# Capstone White Paper: Predicting YouTube Video Engagement Using Metadata and NLP

**Authors**  
Jose Guarneros  
Tysir Shehadey  
Applied Data Science Master’s Program  
Shiley Marcos School of Engineering, University of San Diego

---

## Abstract

This study explores the feasibility of predicting YouTube video popularity using only metadata and text-based features available at upload time. We collected metadata from over 3,000 videos using the YouTube Data API and performed exploratory data analysis, feature engineering, and supervised modeling using Linear Regression, SVR, XGBoost, and CatBoost. While the gradient boosting models performed best, none of the models produced a positive R-squared value, indicating that metadata alone does not sufficiently predict engagement. These findings suggest a need for incorporating richer data sources in future prediction efforts.

---

## Table of Contents

1. Business Background  
2. Problem Statement  
3. Summary of the Findings  
4. Business Questions  
5. Scope of Analysis  
6. Approach  
7. Limitations  
8. Solution Details  
9. Concluding Summary  
10. Call to Action

---

## 1. Business Background

YouTube serves as a massive platform for digital engagement, yet many content creators struggle to gain traction. While established creators benefit from tools and analytics, small channels often lack access to meaningful insights. Metadata, which is readily available at upload time, presents an opportunity for creators to make more informed decisions without relying on post-upload performance data.

---

## 2. Problem Statement

Can YouTube video popularity, measured by view count, be reliably predicted using only metadata available before publishing? This includes data like video title, description, publish time, and engagement ratios like likes per view.

---

## 3. Summary of the Findings

After building and evaluating four models, CatBoost and XGBoost yielded the lowest RMSE scores but still failed to achieve a positive R-squared value.
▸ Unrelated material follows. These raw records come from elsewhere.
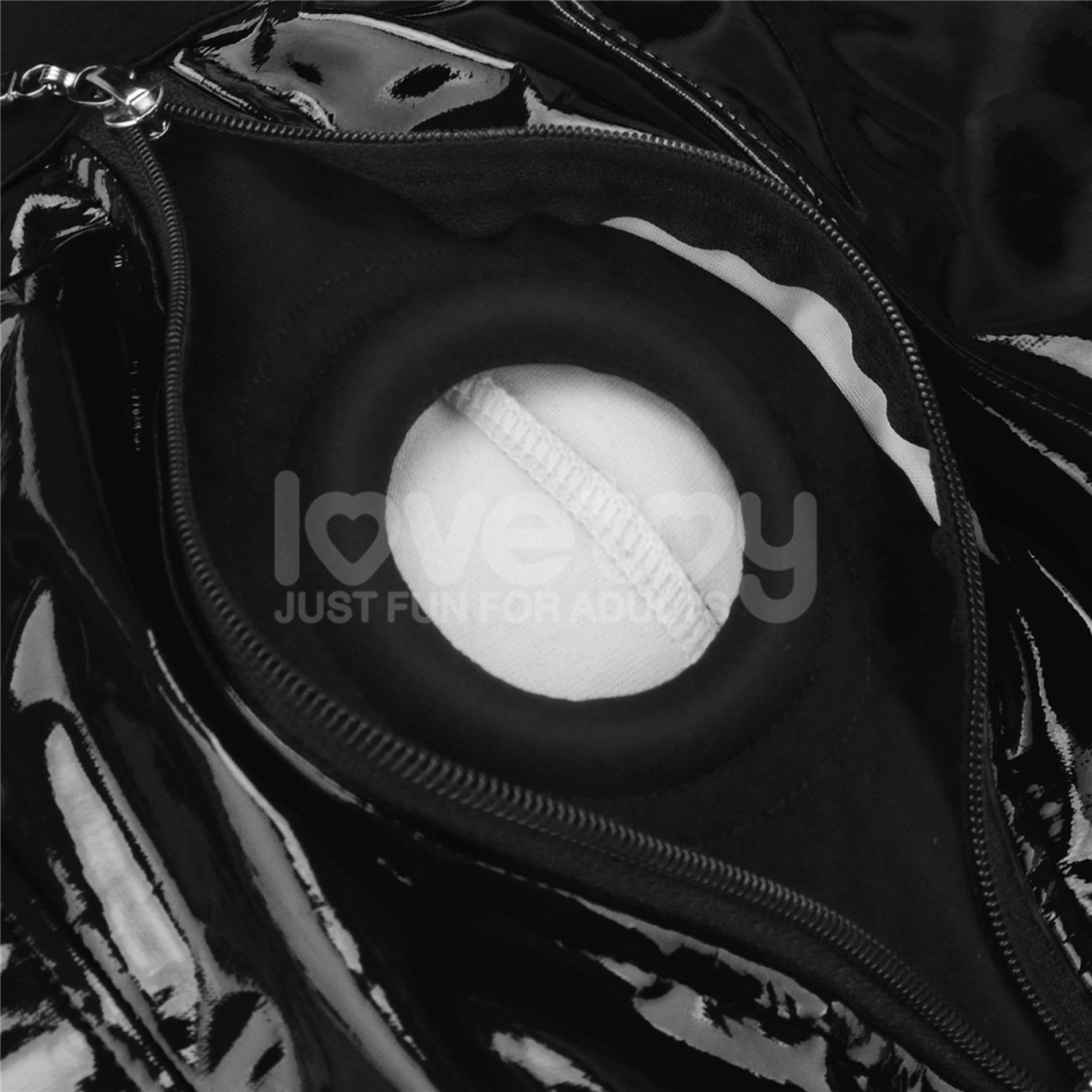 Dirželių šortai su kišene dildo „Chic Strap-On“ juodi XL (40–43 colio liemuo) - Image 12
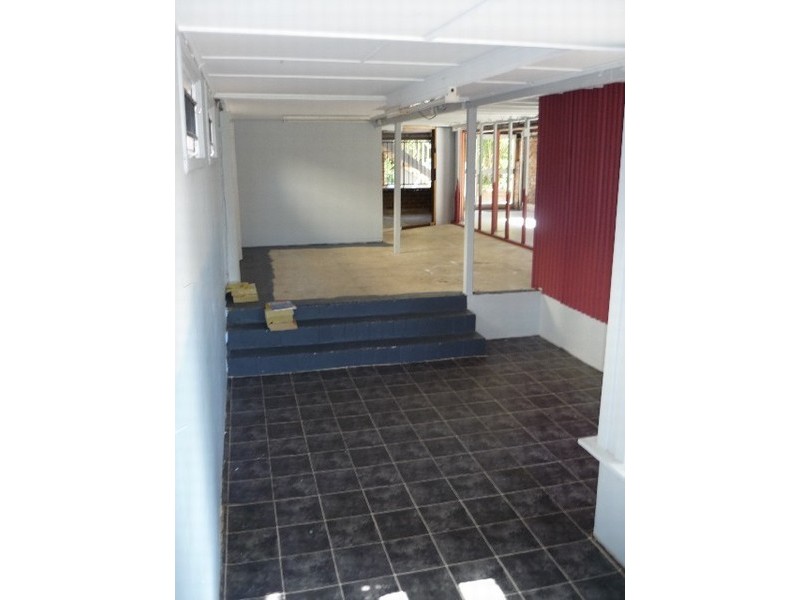 569   Oxley Avenue, Redcliffe QLD 4020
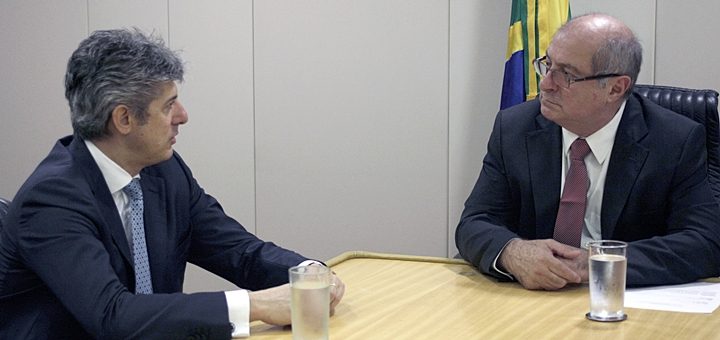 Presidente de Telecom Italia niega venta de TIM y anuncia inversiones en Brasil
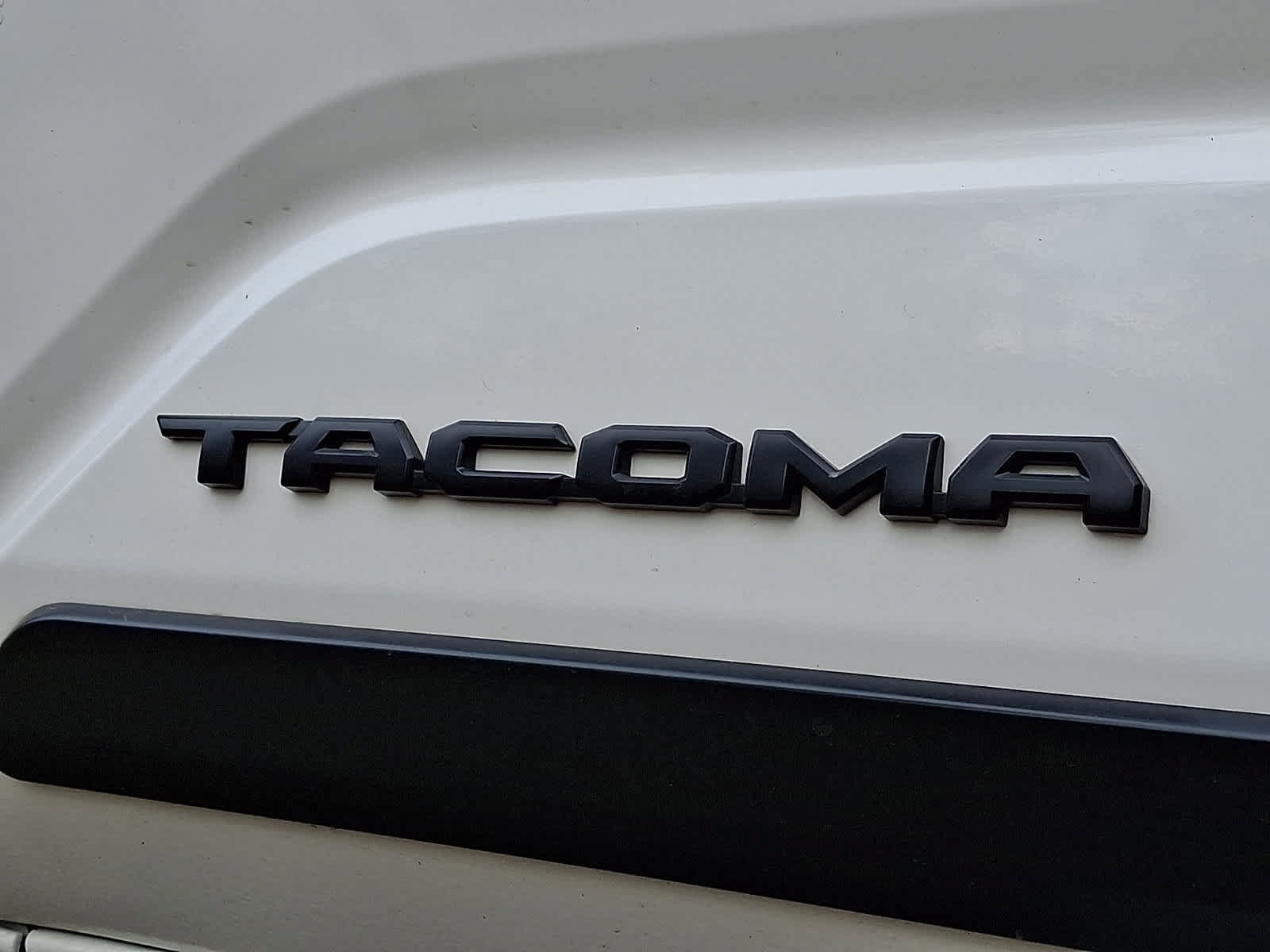 Used 2025 Toyota Tacoma TRD Off-Road AWD/4WD image 7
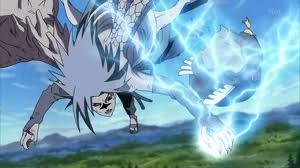 Sasuke usa el Chidori para escapar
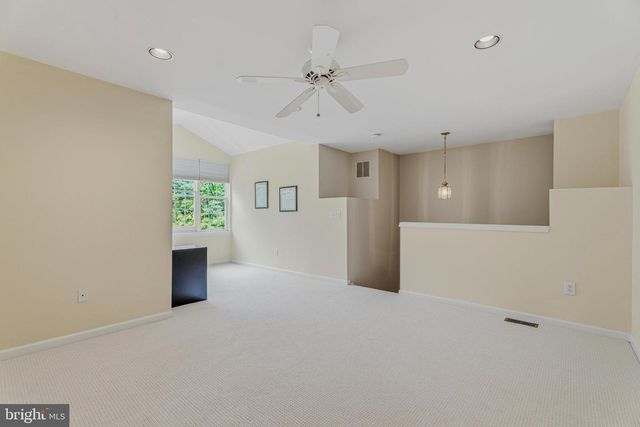 37 FARNHAM WAY, Lutherville Timonium, MD 21093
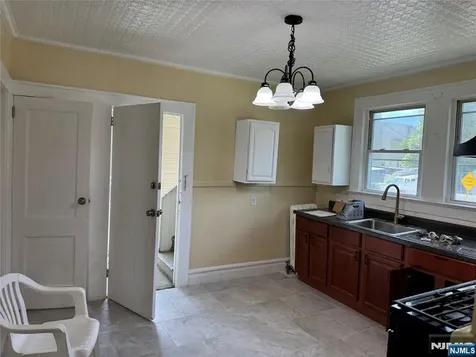 179 Laurel Avenue Irvington NJ 07111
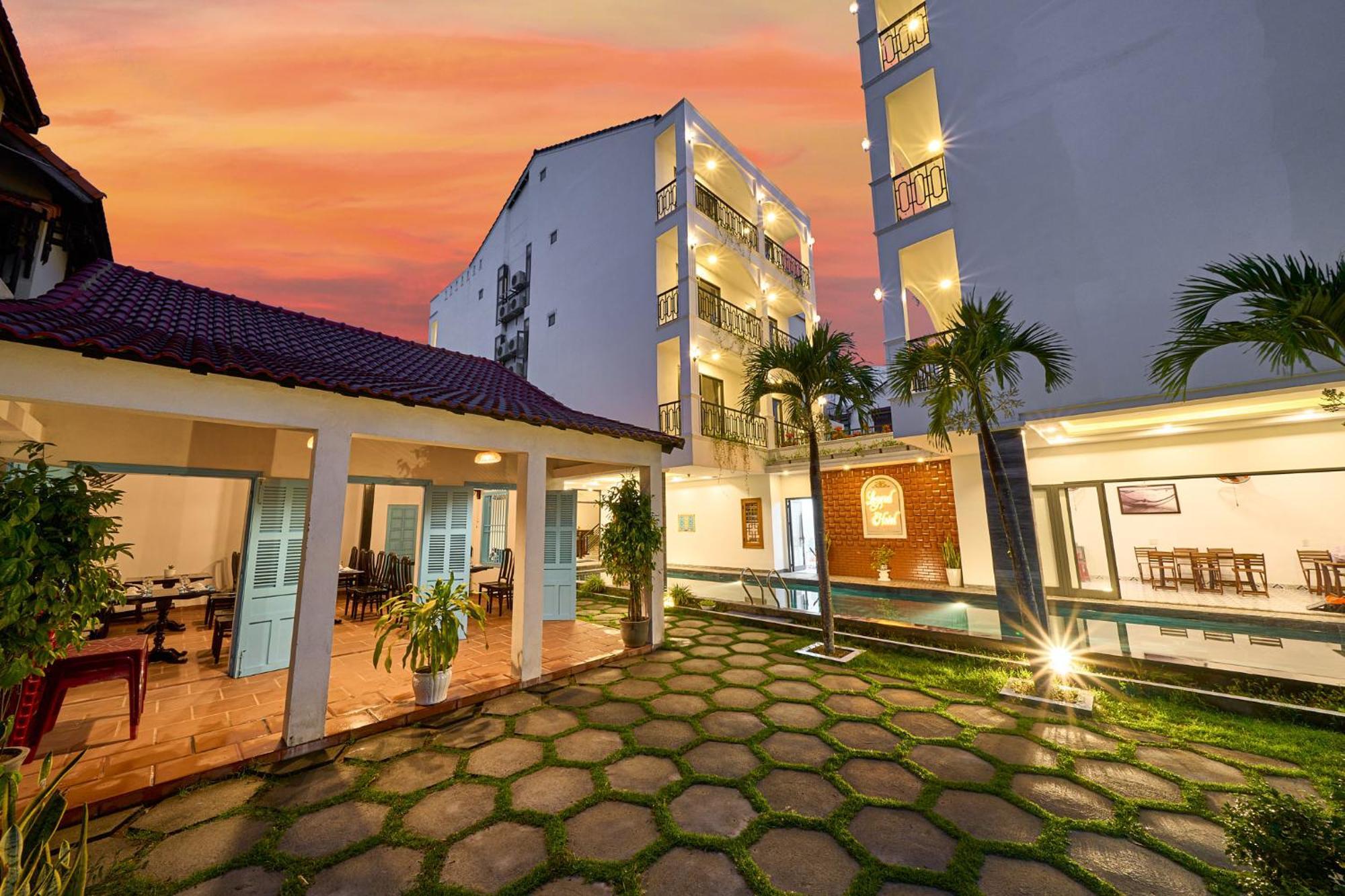 Hoi An Legend Charm Boutique Hotel Экстерьер фото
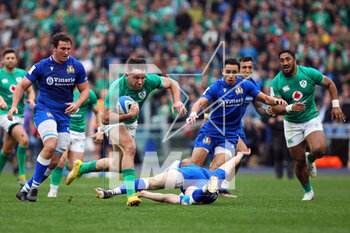 2023-02-25 - Hugo Kennan of Ireland runs in a try during the Six Nations 2023 rugby union match between Italy and Ireland on February 25, 2023 at Stadio Olimpico in Rome, Italy - RUGBY - SIX NATIONS 2023 - ITALY V IRELAND - SIX NATIONS - RUGBY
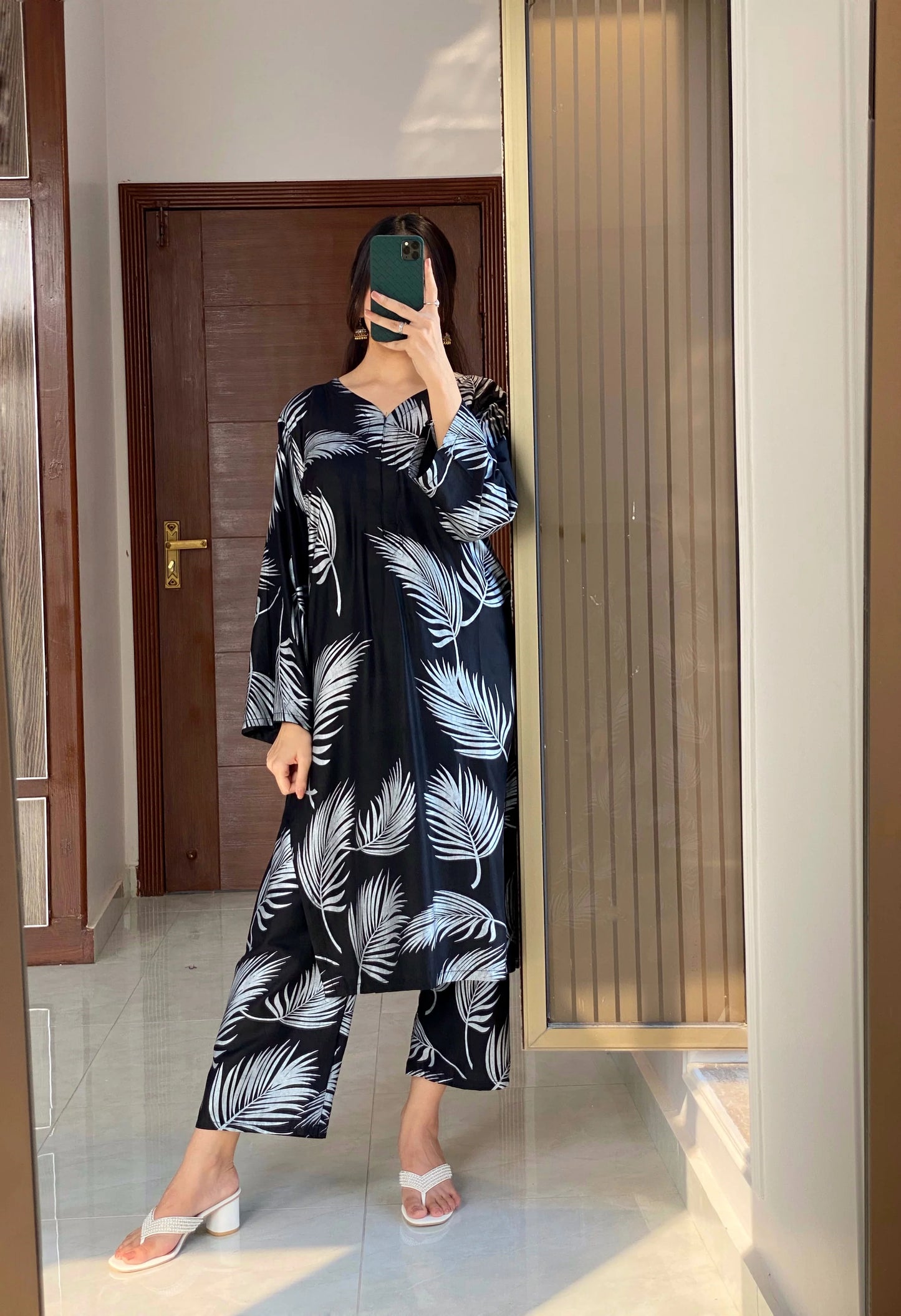2 Pc Aisha’s Attire Block Print Feather Co Ords (Linen)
This indicates that metadata alone does not capture the complex factors driving viewership. Features like title length and publish day showed weak or inconsistent patterns. The study confirmed that normalized metrics (likes per view) are more informative than raw counts.

---

## 4. Business Questions

- Can engagement be predicted using only metadata available at upload time?  
- Which metadata features show the strongest relationship with view count?  
- Which modeling approach is most effective using this data?

---

## 5. Scope of Analysis

**Included:** Publicly available metadata (title, publish time, engagement stats) from 3,046 videos across multiple topics.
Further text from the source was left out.